I was especially drawn to Lough Neagh. It’s the largest freshwater lake in Western Europe, but it must be one of the most unappreciated vistas on these islands, a void in the interior of Northern Ireland. Its water level sank about fifty years ago, removing it from the view of local roads and vantage points, so that might be one of the reasons for its hidden nature. In winter, it’s often shrouded in fog, adding to its air of being withdrawn into itself.
It felt like a place accessible only to the imagination, and I thought it might be a useful metaphor for the hidden stories of the Troubles, the amnesia that has been operating in the midst of life here after the Troubles, the void at the heart of the peace process, the plight of victims and their quest for justice, the unsolved murders that have been quietly removed from view.

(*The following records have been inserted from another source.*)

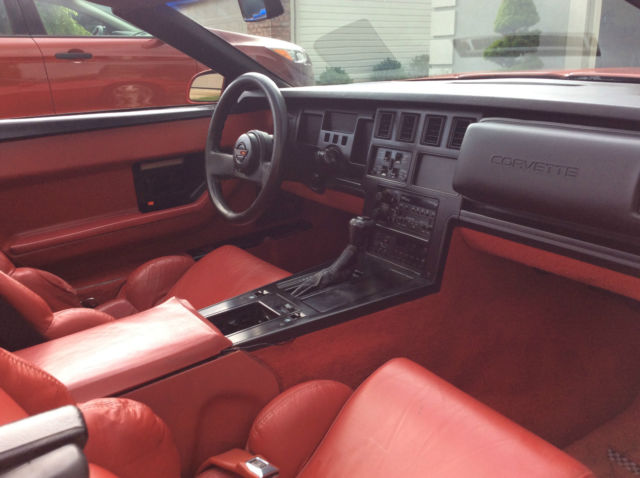 1989 Red Chevrolet Corvette Convertible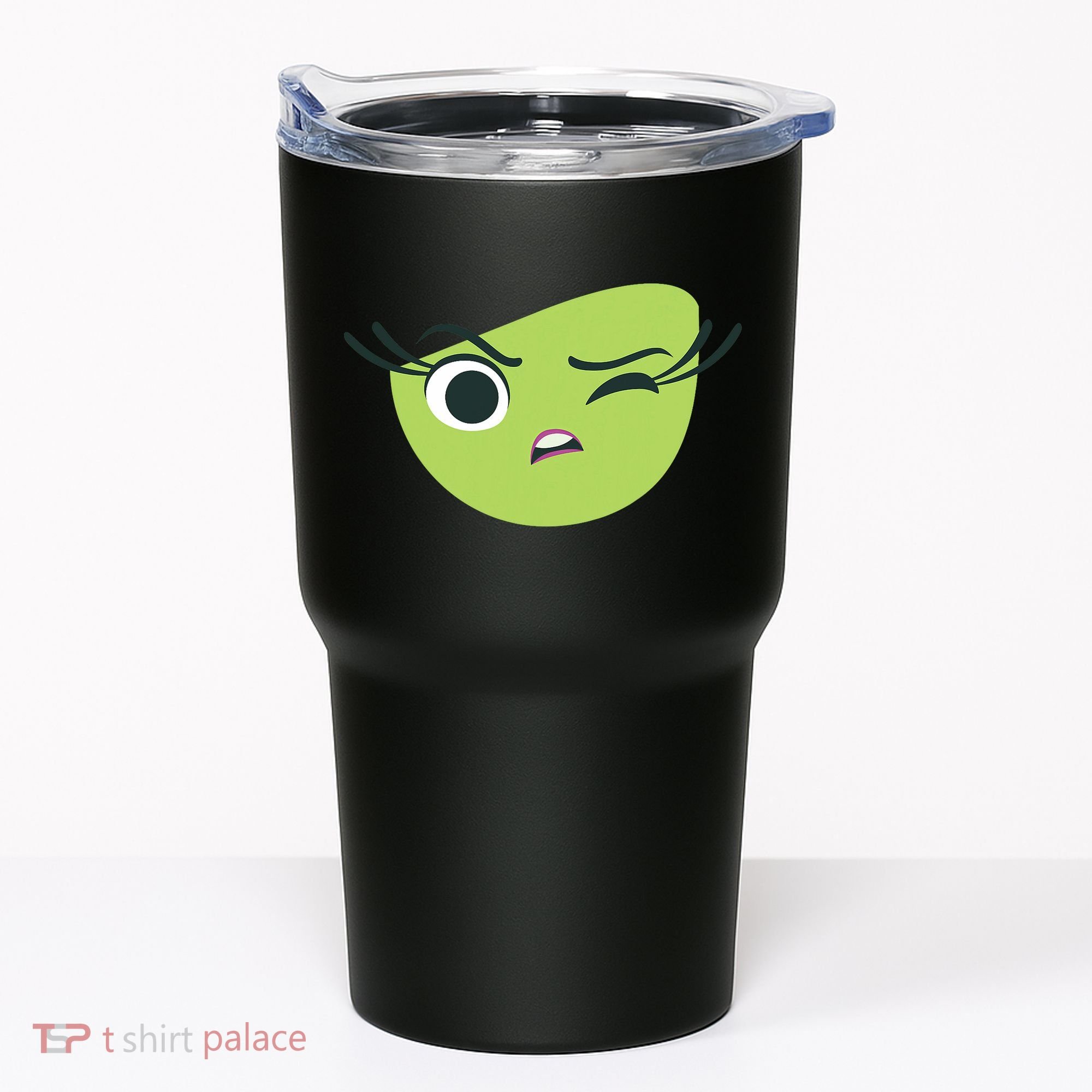 Disgust Face Halloween Costume Tumbler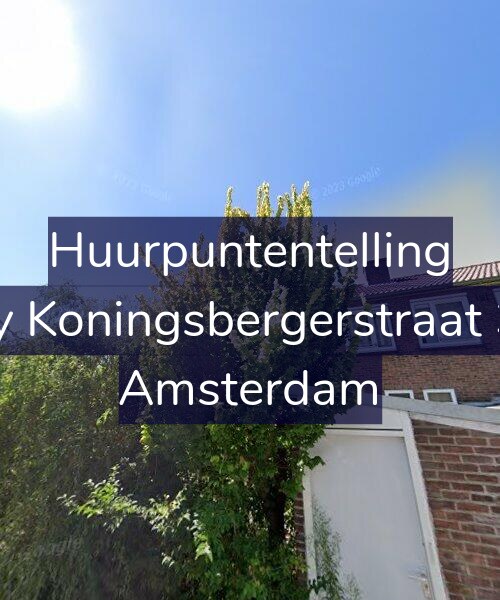 Foto gevel Huurpuntentelling voor Harry Koningsbergerstraat 33-H, Amsterdam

A lot of Irish crime fiction seems to be based on the belief that the genre functions best in an urban setting. However, the rural landscape I’m trying to describe is as richly textured as any cityscape. The border backdrop of my books is not a vast and unpopulated wilderness. It’s a landscape compacted out of the generations that went before, and full of their mysterious presence; a claustrophobic stage into which too many competing tribes have been crammed, where the past lies cheek by jowl with the present, and where every thorn tree or rock has its own ghost, its own dreadful story to tell.
As well as the best-selling series of crime novels featuring Inspector Daly, Anthony J Quinn has published two historical novels The Blood-Dimmed Tide and Blind Arrows set in early 20th Century Ireland.